You may live by the motto, “outta sight, outta mind,” but don’t apply that line of thinking when it comes to your assets. This is particularly true when accounting for foreign assets in your estate plan.
Double taxation risk
If you’re a U.S. citizen, you’re subject to federal gift and estate taxes on all of your worldwide assets, regardless of where you live or where your assets are located. So, if you own assets in other countries, there’s a risk of double taxation if the assets are subject to estate, inheritance or other death taxes in those countries. You may be entitled to a foreign death tax credit against your U.S. gift or estate tax liability — particularly in countries that have tax treaties with the United States — but in some cases those credits aren’t available.
Keep in mind that you’re considered a U.S. citizen if 1) you were born here, even if your parents have never been U.S. citizens and regardless of where you currently reside (unless you’ve renounced your citizenship), or 2) you were born outside the United States but at least one of your parents was a U.S. citizen at the time.
Even if you’re not a U.S. citizen, you may be subject to U.S. gift and estate taxes on your worldwide assets if you’re domiciled in the United States.

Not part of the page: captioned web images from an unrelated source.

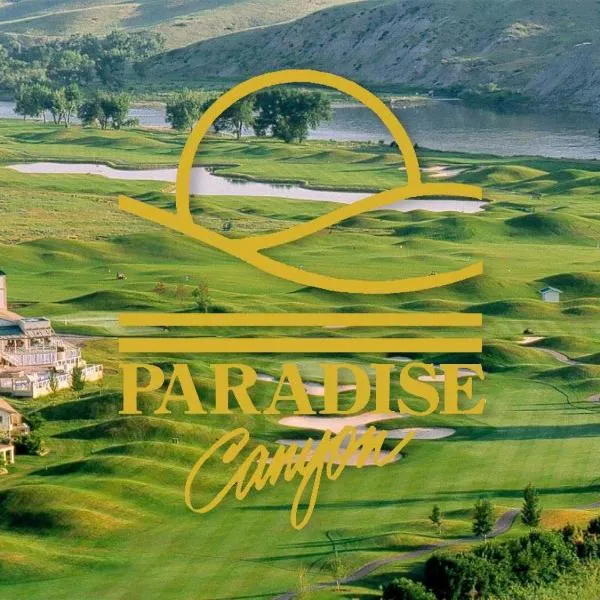 Paradise Canyon Golf Resort - Luxury Condo U407, hôtel à Lethbridge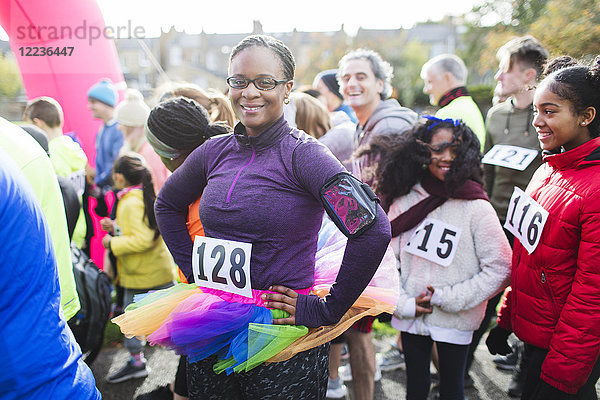 Porträtbewusste Läuferin mit Tutu am Start beim Charity-Lauf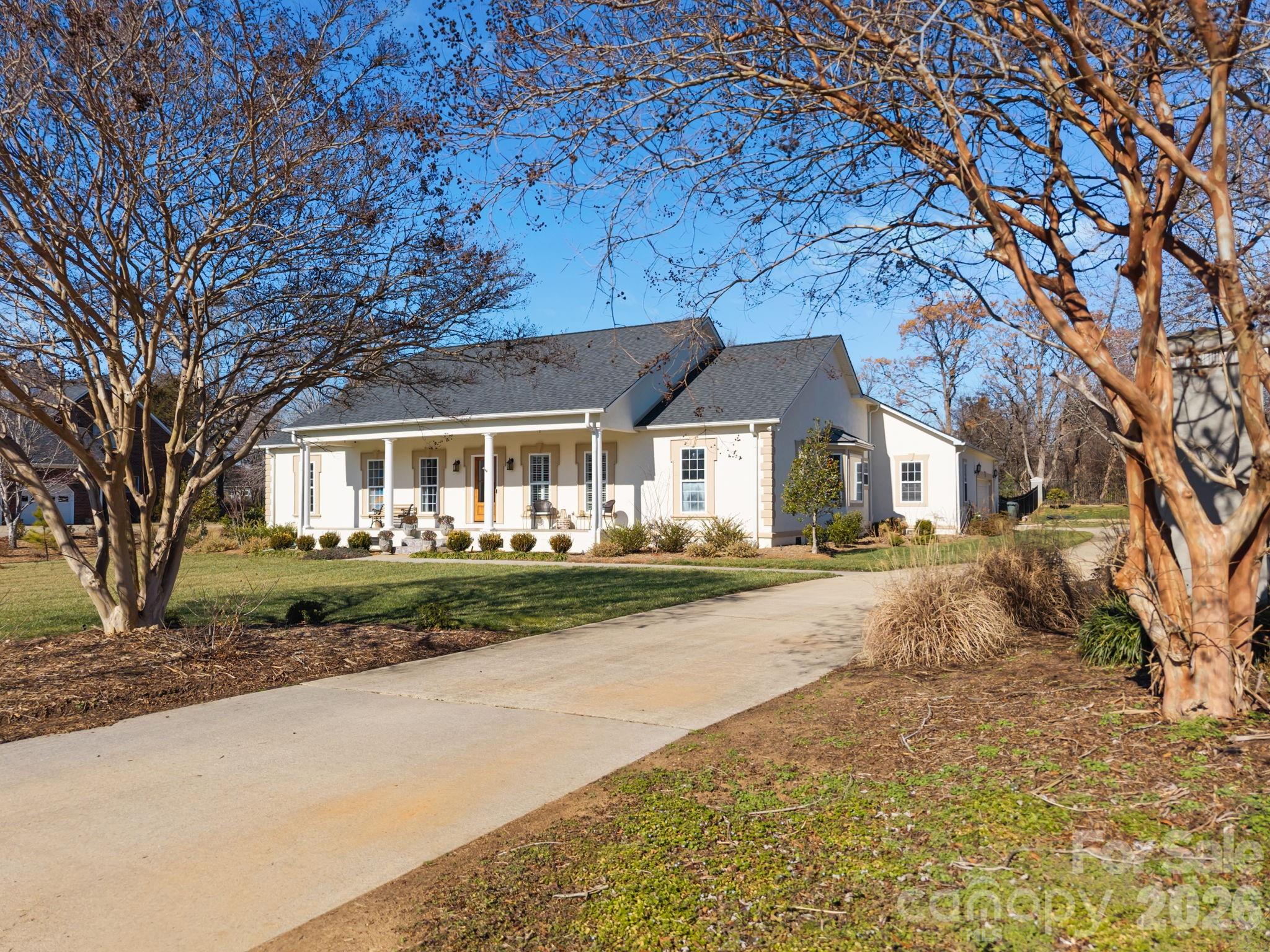 Country Club Hills - Residential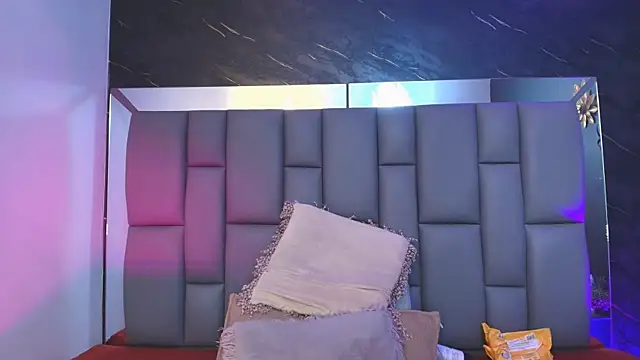  MiaBrown  online show from October 18, 2025, 12:06 pm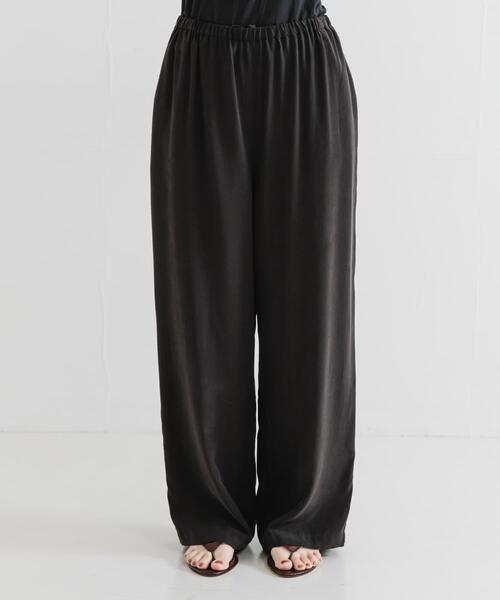 URBAN RESEARCH（アーバンリサーチ）の「キュプラレーヨンイージーパンツ（その他パンツ・レディース・ベージュ/ブラウン・36/38/40）」の14枚目の写真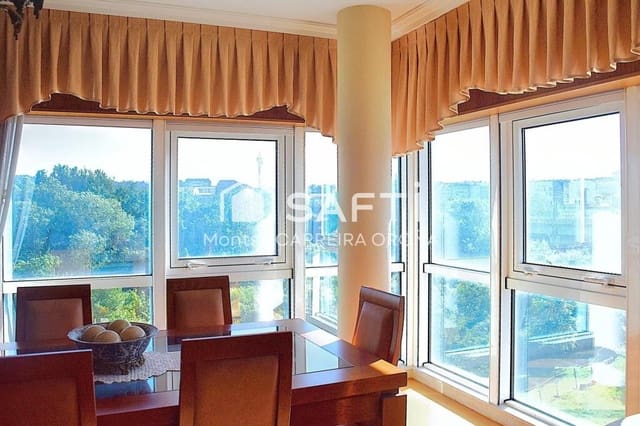 4 bedroom Apartment for rent in Santiago de Compostela with garage - € 1,500 (Ref: 9162303)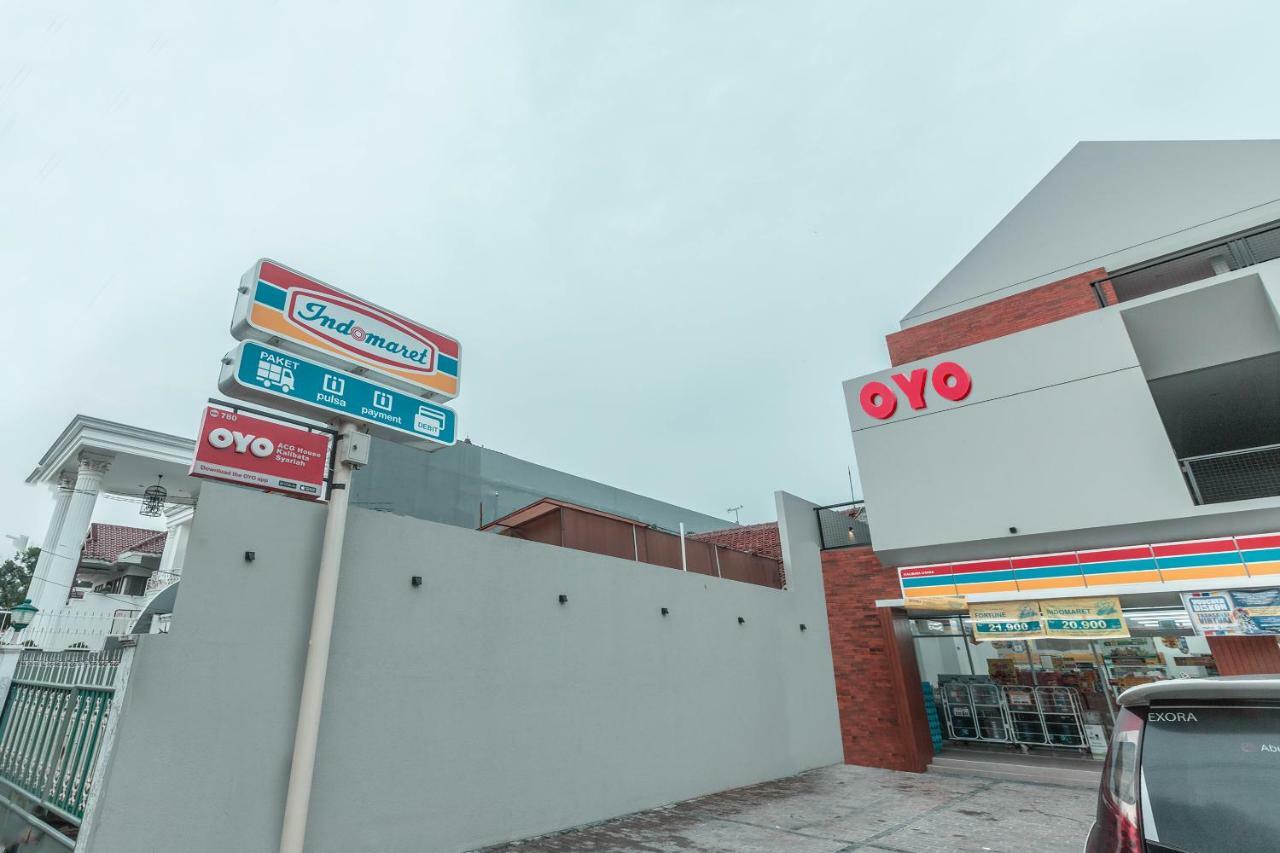 Oyo 780 Acg House Kalibata Syariah Hotel Jakarta Luaran gambar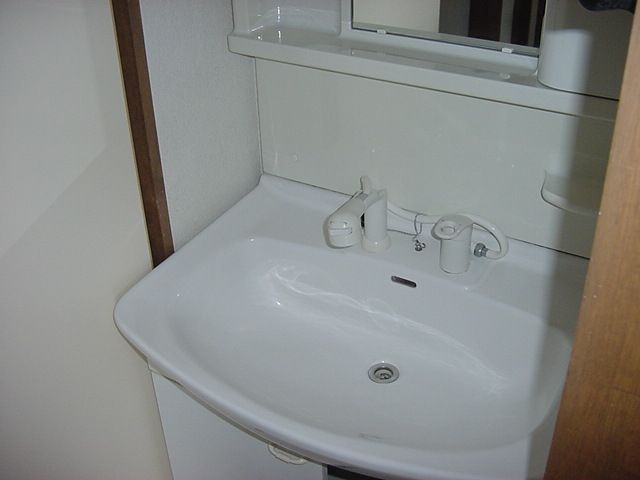 1K Apartment for Rent in Quiet Nagaoka Neighborhood - Thumbnail 4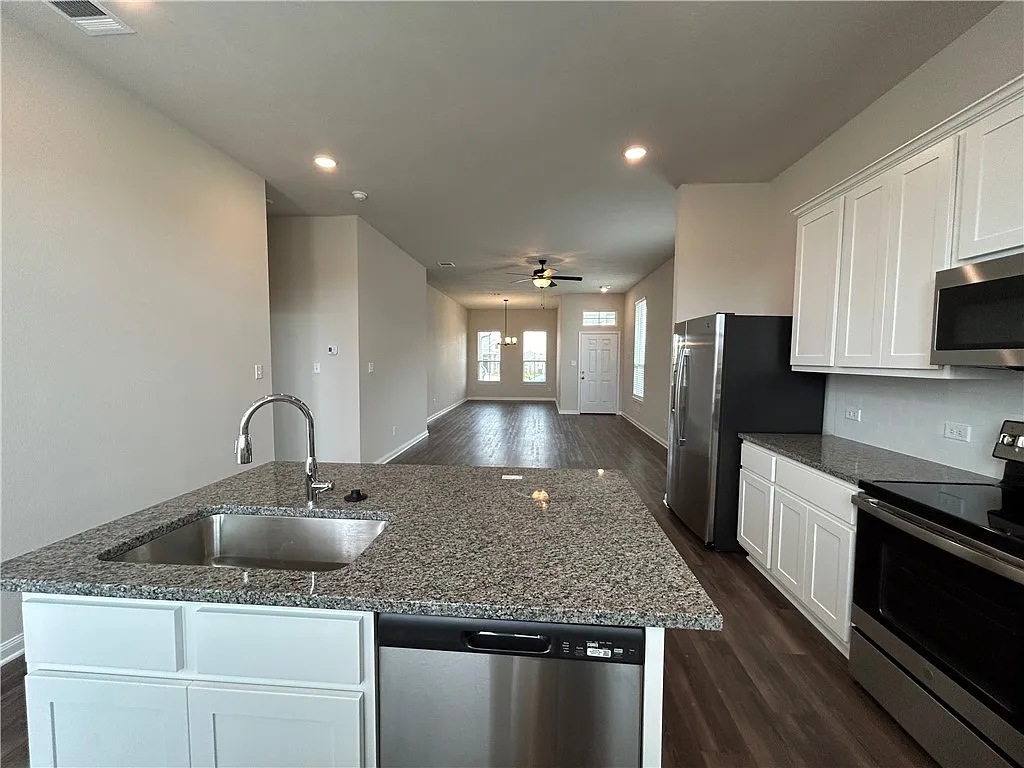 3 bed, 1509 sqft, $2,000 — Photo 4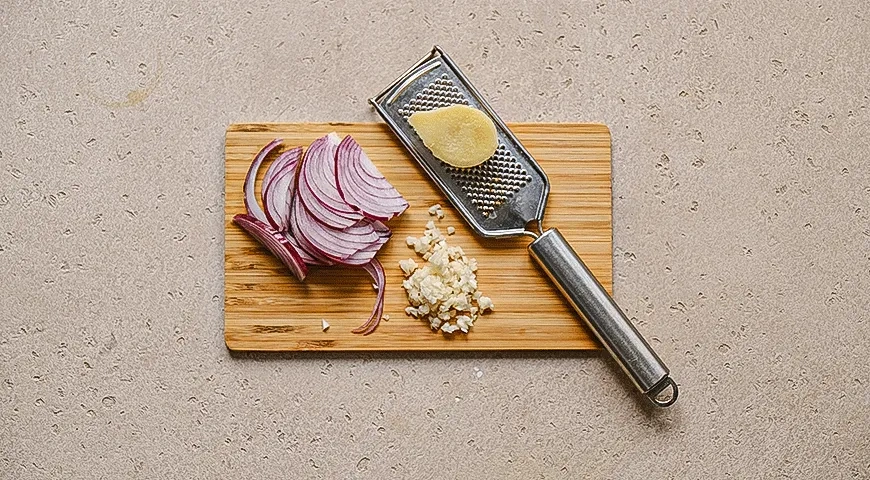 Теплый салат с баклажанами и помидорами: шаг 1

Domicile is a somewhat subjective concept, but essentially it means you reside in a place with an intent to stay indefinitely and to always return when you’re away. Once the United States becomes your domicile, its gift and estate taxes apply to your assets outside the United States (even if you leave the country), unless you take steps to change your domicile.
Consider drafting more than one will
To ensure that your foreign assets are distributed according to your wishes, your will must be drafted and executed in a manner that will be accepted in the United States as well as in countries where your assets are located. Often, it’s possible to prepare a single will that meets the requirements of each jurisdiction, but it may be preferable to have separate wills for foreign assets. One advantage of doing so is that separate wills, written in the foreign country’s language (if not English) can help streamline the probate process.
If you prepare two or more wills, work with local counsel in each foreign jurisdiction to ensure that they meet each country’s requirements. And it’s important for your U.S. and foreign advisors to coordinate their efforts to ensure that one will doesn’t nullify the others. Also, keep in mind that some countries have forced heirship or similar laws that can override the terms of your will.
Beware transferring foreign assets to a trust
A typical U.S. estate plan uses one or more trusts for a variety of purposes, including tax planning, asset management and asset protection. And it’s common for U.S. wills to provide for all assets to be transferred to a trust.
Be aware, however, that many countries don’t recognize trusts. So, if your estate plan transfers foreign assets to a trust, there could be unwelcome consequences, including higher foreign taxes or even obstacles to transferring the assets as intended.
Turn to the professionals
Accounting for all of your assets — especially any foreign assets — in your estate plan is important. Thus, planning is best left to the professionals. Your estate planning advisor can help structure ownership of any foreign assets according to the laws of the United States and the country where they’re located.